Symbolic Integrity of Historic Urban Landscapes: The Forgotten Dimension in Urban Conservation

Ref.: 175
Key theme: 02 Functional integrity of historic urban landscapes
Date of reception: 15/11/2008

AUTHORS (*Main author)

SILVA, Kapila Dharmasena * (United States of America) - University of Kansas

ABSTRACT

This paper argues that symbolic content or meanings associated with environments are crucial to the success of preservation of historic architecture and development of contemporary architecture in historic urban contexts. Making the world around us meaningful by associating the environment with various culturally or personally derived meanings is a most fundamental need for human existence. Thus communicating appropriate meanings to its inhabitants is perhaps the most significant function of a place.
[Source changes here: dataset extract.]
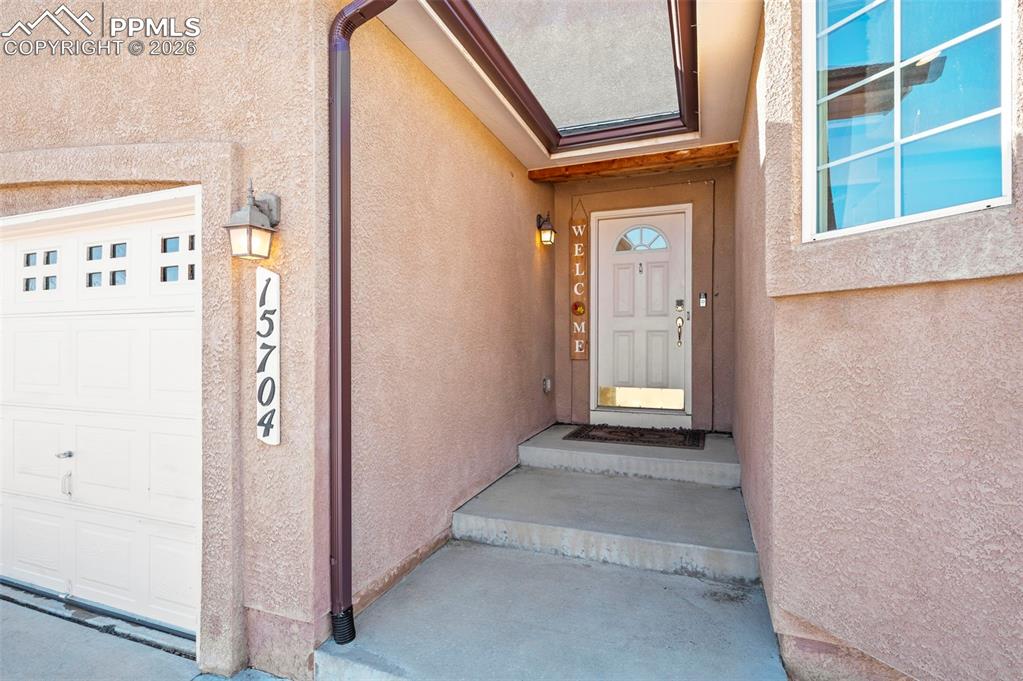 15704 Paiute Circle Monument CO 80132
For a new building to be an integral part of a historic environment, its associated meanings should be compatible with the symbolic dimensions historically embedded with the place. As societies transform over time, these environmental meanings also transform. It is essential, therefore, to understand the historic place meanings, how they have transformed into new meanings, and how to keep the symbolic integrity of the place in both conservation and contemporary designs within the historic place. The symbolic dimension becomes critical when we focus on conserving South and Southeast Asian historic cities in particular, as they are a product of timeless Hindu and Buddhist cosmological models. The historic fabric, monuments, cultural and religious institutions, ritual events, and the daily life in these cities are closely related to the symbolism underlying the historic place, and is thus of prime importance in the conservation and urban development programs. Yet, the symbolic integrity of historic urban landscapes is the least understood and largely forgotten dimension in the contemporary inquiry of conservation, which has relegated its concern simply to the formal, visual, material, and structural integrity of the historic fabric. When addressed properly, meanings of a place help integrating the physical, functional, and visual dimensions of the historic town as well as sustaining the political, economic, and social dimensions of the communities. This
presentation will make a case for paying attention to the symbolic dimension of historic towns, discussing what it is, how it binds all other dimensions of a place together, how to identify it, how it will guide new designs in old contexts, and how it can be instrumental in establishing socio-economic sustainability of historic urban landscapes. To illustrate this argument, the paper will discuss the World Heritage towns of Bhaktapur in Nepal and Kandy in Sri Lanka as examples.